Medical Treatment of Hyperthyroidism (part I)

Summary

This paper, published in February 2010, is a review of what is known about the drugs used to treat Graves’ Disease.  No new research was done in this article, but it’s a nice synthesis of the earlier literature.

This is a long paper, so today I’m just going to sum up the first part which talks about the commonly used drugs to treat Graves’ Disease.  Tomorrow I’ll cover the rest of the paper.

There are three main “thionamide” drugs, better known to GD patients as propylthiouracil (PTU), methimazole (MMI), or carbimazole (CBZ).  The authors call these “First Choice Antithyroid Drugs” and they are usually the first treatment most people encounter.  CBZ and MMI are more or less identical to one another (CBZ gets converted into MMI) and both reach their peak concentration in the bloodstream about 1-2 hours after you take them.  All of the drugs can cross into the womb and affect a baby, so be sure to tell your doctor if you might be pregnant.

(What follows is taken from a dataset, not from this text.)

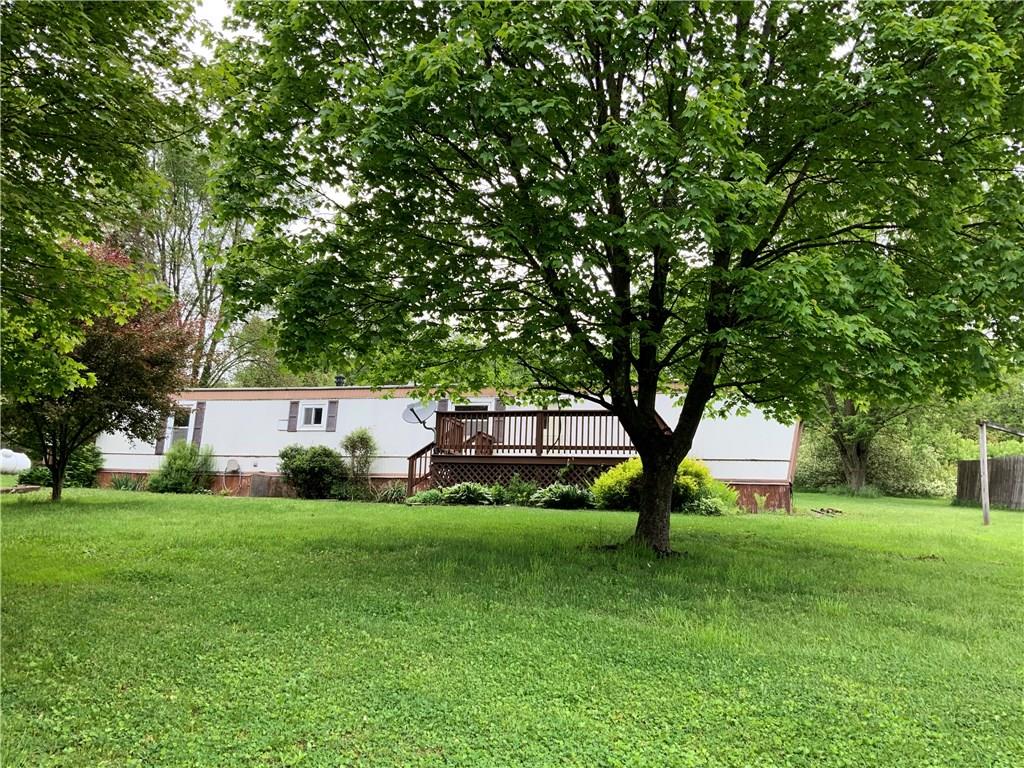 310 Pleasant Grove Road Prosperity, PA 15329 - Photo 12 of 12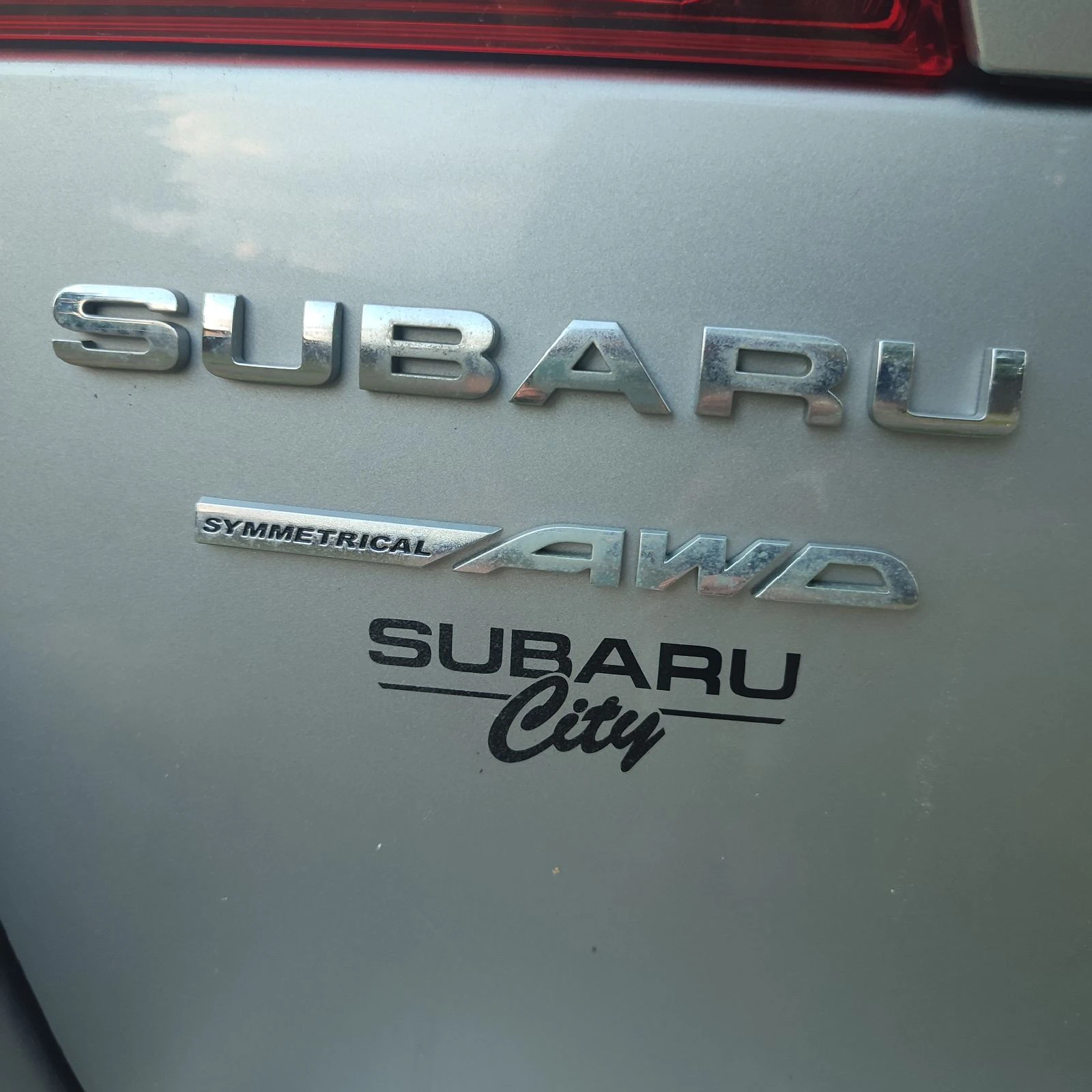 Subaru Outback 2.5 | Mobile.bg � ����������� 14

All the thionamide drugs work by blocking one of the enzymes in the pathway that makes the thyroid hormones T3 and T4.  In addition to directly lowering thyroid hormone levels, they also may work to prevent the actual cause of Graves’ Disease.  Graves’ Disease is thought to be caused by the body making antibodies against itself.  Thionamide drugs also suppress this auto-immune reaction, although nobody knows whether the drugs have a direct impact on the immune system or whether merely reducing T3 and T4 levels also happens to suppress auto-immune activity. PTU blocks the conversion of T4 (less active, more common) to T3 (more active, rarer), also lower the levels of “active” thyroid hormone in your blood.  Finally, these drugs may block the synthesis of thyroid-hormone-producing enyzmes.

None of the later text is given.